The problem:
Give again, exactly as written, the lines of the records below from the line with "Runner Photo 5064" to the line with "Funny videos??????????". Both end lines count; pictures do not.

Records to use:

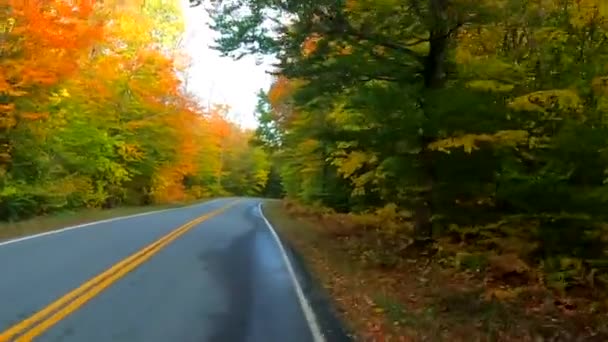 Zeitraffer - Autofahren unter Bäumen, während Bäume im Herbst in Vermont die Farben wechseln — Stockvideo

---

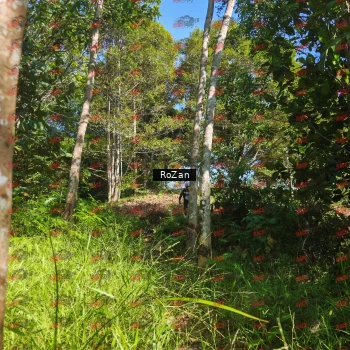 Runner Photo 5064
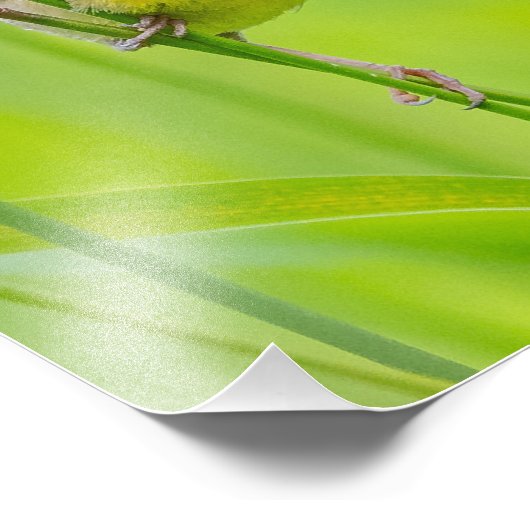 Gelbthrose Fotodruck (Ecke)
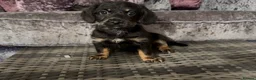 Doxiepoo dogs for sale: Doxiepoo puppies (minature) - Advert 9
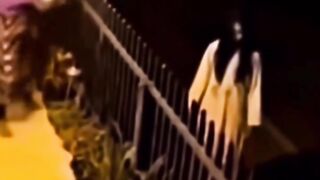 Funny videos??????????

Answer space:
 Runner Photo 5064
 Gelbthrose Fotodruck (Ecke)
 Doxiepoo dogs for sale: Doxiepoo puppies (minature) - Advert 9
 Funny videos??????????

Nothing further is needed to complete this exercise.